Sentenza di Cassazione Penale Sez. 5 Num. 49290 Anno 2023
Penale Sent. Sez. 5 Num. 49290 Anno 2023
Presidente: COGNOME NOME COGNOME NOME
Relatore: COGNOME NOME
Data Udienza: 15/11/2023
SENTENZA
sui ricorsi proposti da:
COGNOME NOME NOME a ASTI il DATA_NASCITA
COGNOME NOME NOME a ASTI il DATA_NASCITA
avverso la sentenza del 09/03/2023 del GIUDICE DI PACE di ASTI
visti gli atti, il provvedimento impugNOME e il ricorso; sentita la relazione svolta dal consigliere NOME COGNOME; lette le conclusioni del Pubblico Ministero, in persona del AVV_NOTAIO NOME COGNOME, che ha chiesto di rigettare il ricorso.
RITENUTO IN FATTO E CONSIDERATO IN DIRITTO
Con la sentenza impugNOME il Giudice di pace di Asti ha dichiarato COGNOME NOME e COGNOME NOME colpevoli del delitto in contestazione e li ha condannati alla pena pecuniaria ritenuta di giustizia.
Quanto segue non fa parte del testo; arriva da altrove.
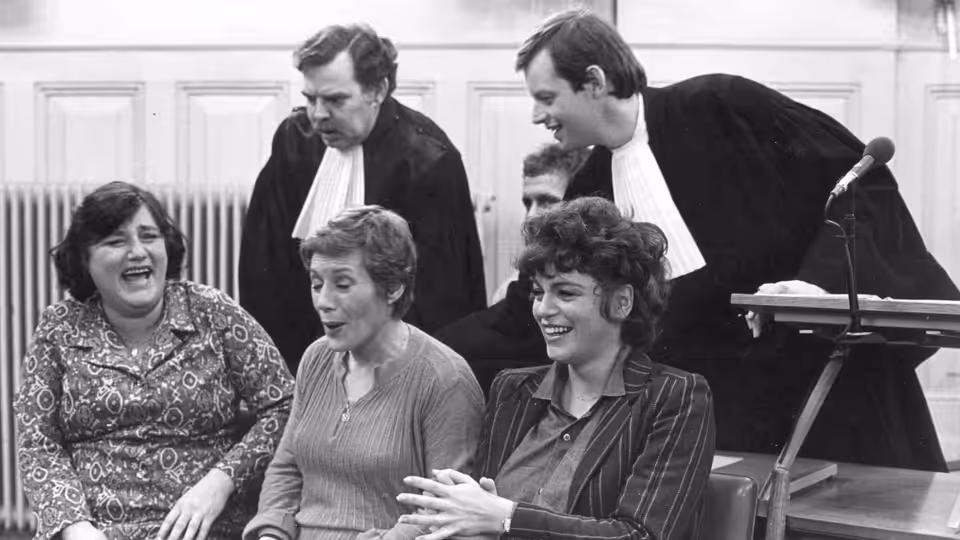 Three women sit together in court as two robed lawyers stand behind them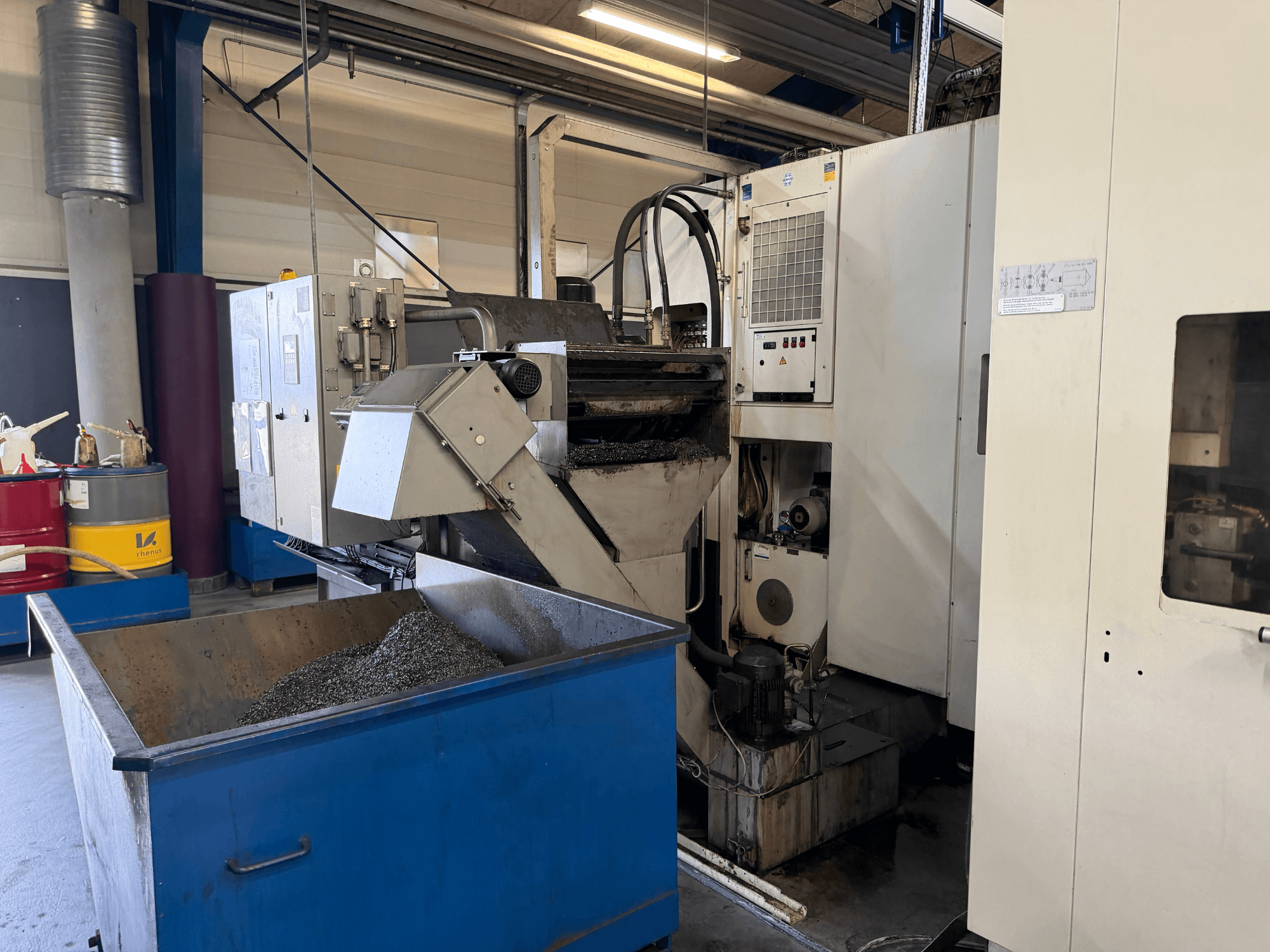 Vista frontal do centro de maquinação horizontal HELLER MCH 250 com o depósito de reciclagem de metal refrigerante e o painel de controlo visíveis.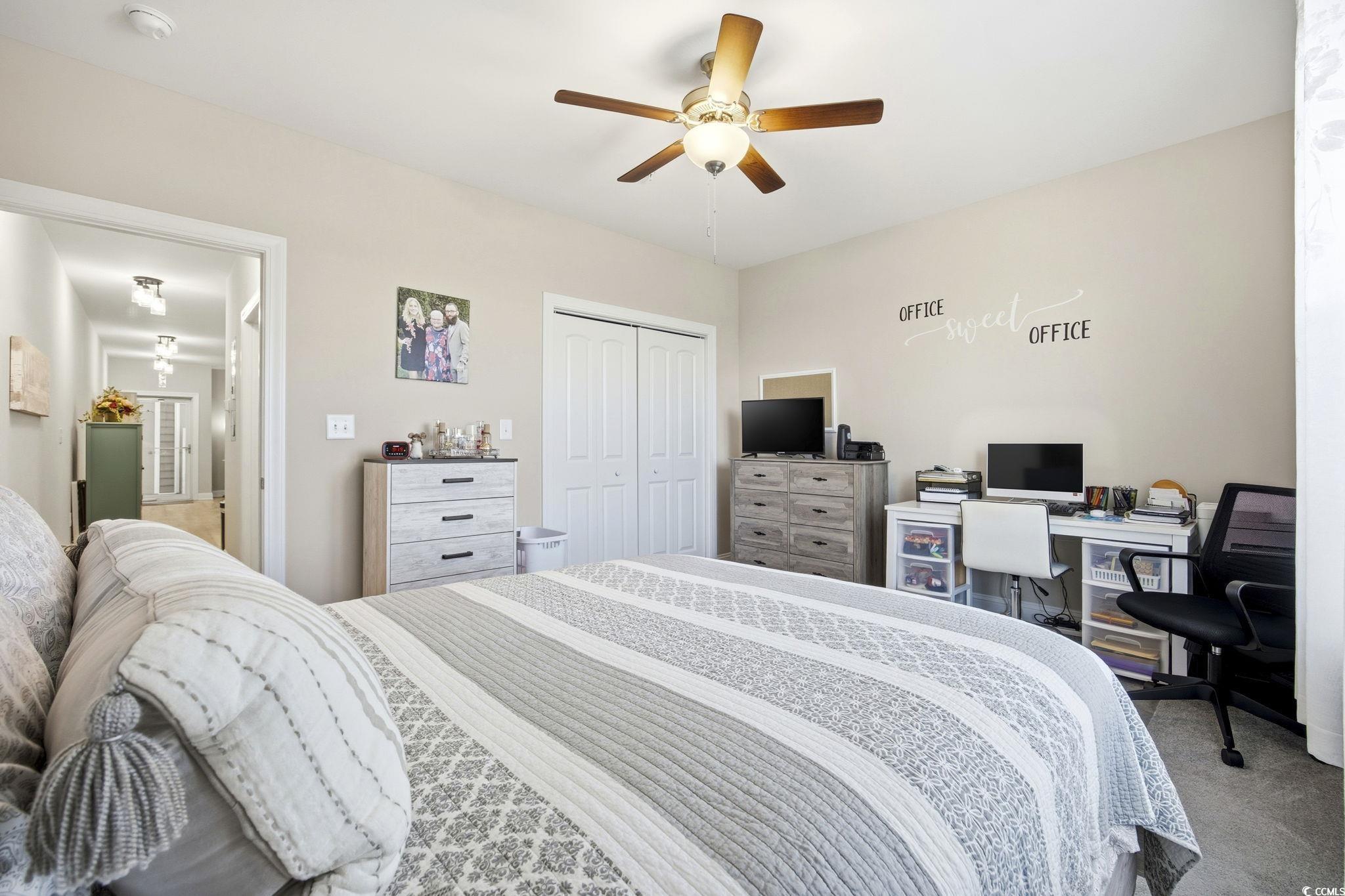 165 Ella Kinley Circle, Unit 302 Myrtle Beach, SC 29588 - Photo 17 of 38 Bedroom with carpet floors, a ceiling fan, a closet, and a desk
Avverso l’indicata pronuncia hanno proposto impugnazione gli imputati, con un unico atto a firma del comune difensore.
Con una prima richiesta (rubricata “mancata assoluzione”) i ricorrenti insistono per una pronuncia assolutoria, deducendo l’assenza di prova circa la loro responsabilità per la condotta in contestazione.
Con la seconda richiesta (rubricata “pena eccessiva”) domandano che la pena venga contenuta nei minimi edittali.
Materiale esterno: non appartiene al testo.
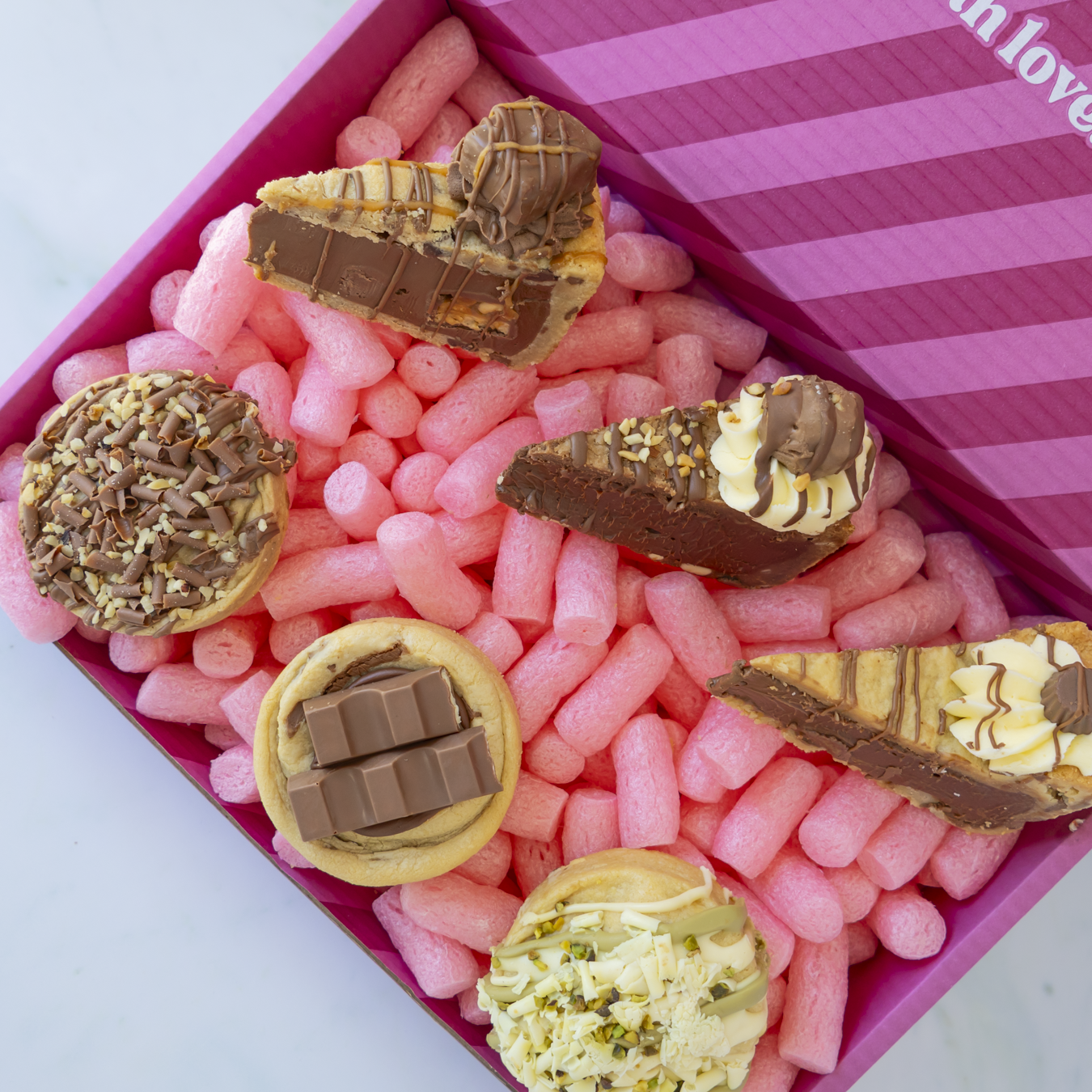 A gift box of assorted gourmet chocolate treats, including chocolate cake slices, chocolate-covered cookies, and a chocolate bar, arranged on pink packing peanuts inside a pink striped box.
Il ricorso è stato trattato, senza intervento delle parti, nelle forme di cui all’art. 23, comma 8 legge n. 176 del 2020 e successive modifiche.
I ricorsi sono inammissibili.
L’impugnazione, intestata come atto di appello e indirizzata al giudice di secondo grado, è stata qualificata dal Tribunale di Asti come ricorso per cassazione.
La decisione è corretta, posto che:
in difetto di statuizioni civili, a norma dell’art. 37, d. Igs. n. 274 del 2000 l sentenza di condanna a pena pecuniaria pronunciata dal giudice di pace è impugnabile soltanto con ricorso per cassazione;
«In tema di impugnazioni, allorché un provvedimento giurisdizionale sia impugNOME dalla parte interessata con un mezzo di gravame diverso da quello legislativamente prescritto, il giudice che riceve l’atto deve !imitarsi, a norma dell’art. 568, comma 5, cod. proc. pen., a verificare l’oggettiva impugnabilità del provvedimento, nonché l’esistenza di una voluntas impugnationis, consistente nell’intento di sottoporre l’atto impugNOME a sindacato giurisdizionale, e quindi trasmettere gli atti, non necessariamente previa adozione di un atto giurisdizionale, al giudice competente» (cfr. tra le ultime Sez. 5, n. 35796 del 13/07/2023 P., Rv. 285134; conf. a Sez. 5, n. 313 del 20/11/2020, dep. 2021, COGNOME, Rv. 280168 – 01 che si pongono dichiaratamente in linea con Sez. U, n. 45371 del 31/10/2001, COGNOME, Ry. 220221 e Sez. U, n. 45372 del 31/10/2001, COGNOME; con tali ultime sentenze le Sezioni Unite hanno superato l’opposta soluzione in precedenza percorsa da Sez. U, n. 16 del 26/11/1997, dep. 1998, Nexhi, Rv. 209336 la quale assegnava valenza dirimente alle “reali intenzioni dell’impugnante” nella scelta del mezzo di impugnazione, con un’eco tralatizia in alcune decisioni Sez. 5, n. 55830 del 08/10/2018, NOME, Rv. 274624; Sez. 3, n. 1589 del 14/11/2019, dep. 2020, Rv. 277945).
Le censure proposte sono generiche, poiché difettano della specifica indicazione dei motivi e, in ogni caso, le doglianze coltivate sono estranee al novero di quelle consentite dall’art. 606, comma 1, cod. proc. pen.
Alla declaratoria di inammissibilità dei ricorsi consegue la condanna dei ricorrenti al pagamento delle spese processuali e al versamento della somma, ritenuta congrua, di euro 3.000,00 a favore della Cassa delle ammende.
P.Q.M.
Dichiara inammissibili i ricorsi e condanna i ricorrenti al pagamento delle spese del procedimento e della somma di eurc 3.000,00 in favore della Cassa delle ammende.